» **ACTIVITY**:
Beginning with the line that holds "whale of universe" and ending with the last line of the entries below, copy every line exactly and nothing else, with the pictures left out.

═════ RECORDS SUPPLIED

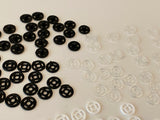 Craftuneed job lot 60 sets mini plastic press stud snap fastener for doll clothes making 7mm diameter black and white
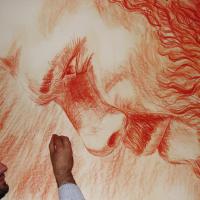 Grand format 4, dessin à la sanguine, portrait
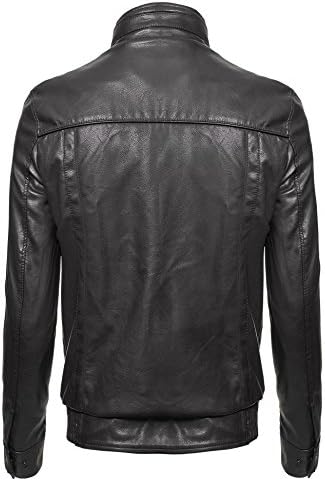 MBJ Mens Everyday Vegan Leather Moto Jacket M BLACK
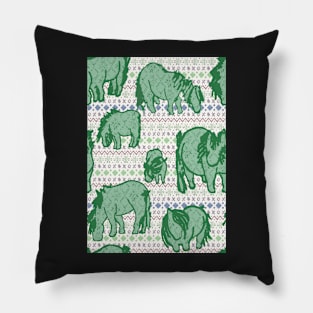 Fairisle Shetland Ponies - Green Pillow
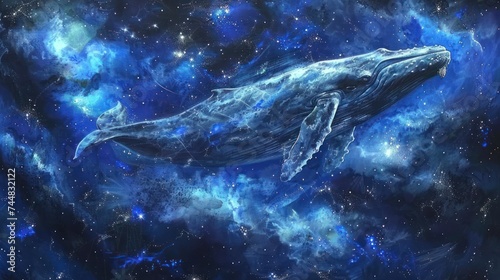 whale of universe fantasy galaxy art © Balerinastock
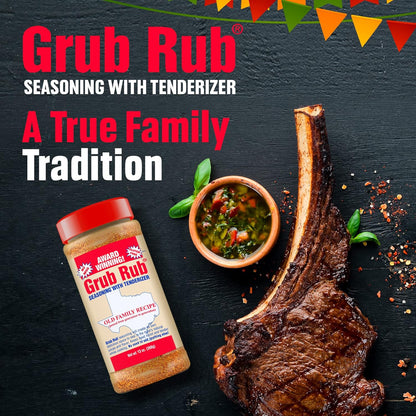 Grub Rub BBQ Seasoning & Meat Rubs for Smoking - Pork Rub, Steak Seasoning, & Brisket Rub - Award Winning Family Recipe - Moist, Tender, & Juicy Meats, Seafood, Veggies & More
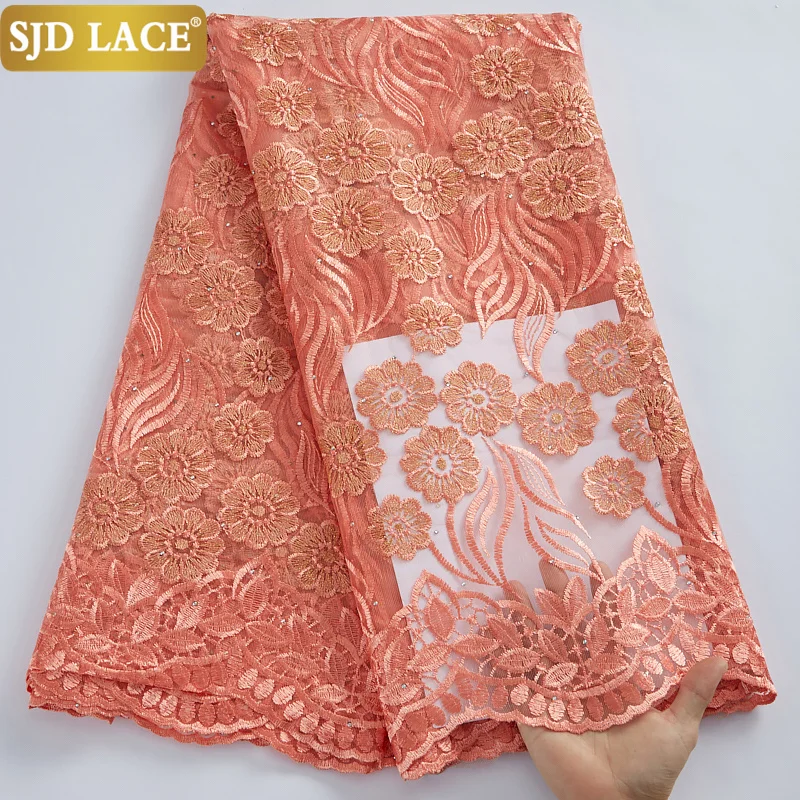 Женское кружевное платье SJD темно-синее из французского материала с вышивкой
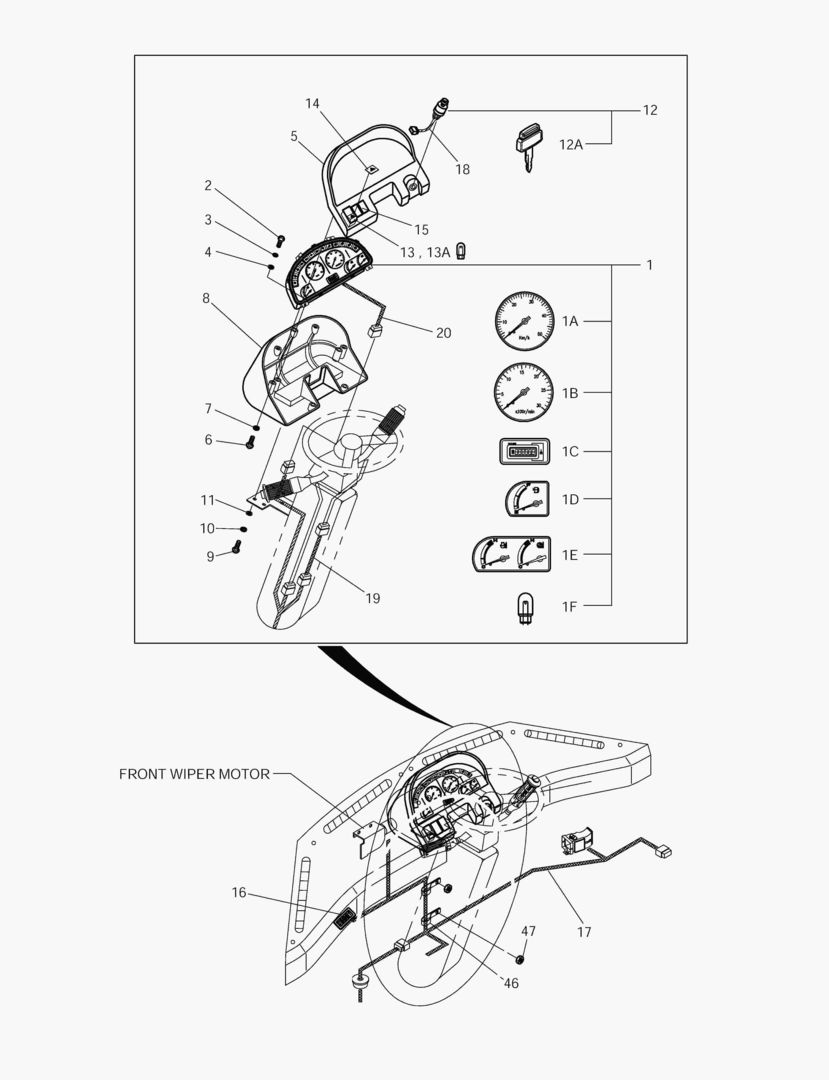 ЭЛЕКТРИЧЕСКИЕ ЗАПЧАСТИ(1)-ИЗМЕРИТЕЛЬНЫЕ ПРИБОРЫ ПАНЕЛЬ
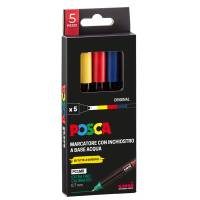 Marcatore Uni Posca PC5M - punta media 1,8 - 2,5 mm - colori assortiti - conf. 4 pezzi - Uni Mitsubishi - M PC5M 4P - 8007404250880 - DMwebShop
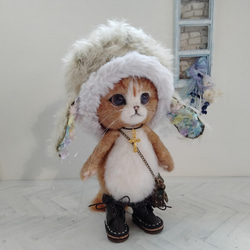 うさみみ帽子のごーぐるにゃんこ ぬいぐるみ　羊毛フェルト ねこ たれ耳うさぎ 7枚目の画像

══════════

» **OUTPUT BELOW**:
 whale of universe fantasy galaxy art © Balerinastock
 Grub Rub BBQ Seasoning & Meat Rubs for Smoking - Pork Rub, Steak Seasoning, & Brisket Rub - Award Winning Family Recipe - Moist, Tender, & Juicy Meats, Seafood, Veggies & More
 Женское кружевное платье SJD темно-синее из французского материала с вышивкой
 ЭЛЕКТРИЧЕСКИЕ ЗАПЧАСТИ(1)-ИЗМЕРИТЕЛЬНЫЕ ПРИБОРЫ ПАНЕЛЬ
 Marcatore Uni Posca PC5M - punta media 1,8 - 2,5 mm - colori assortiti - conf. 4 pezzi - Uni Mitsubishi - M PC5M 4P - 8007404250880 - DMwebShop
 うさみみ帽子のごーぐるにゃんこ ぬいぐるみ　羊毛フェルト ねこ たれ耳うさぎ 7枚目の画像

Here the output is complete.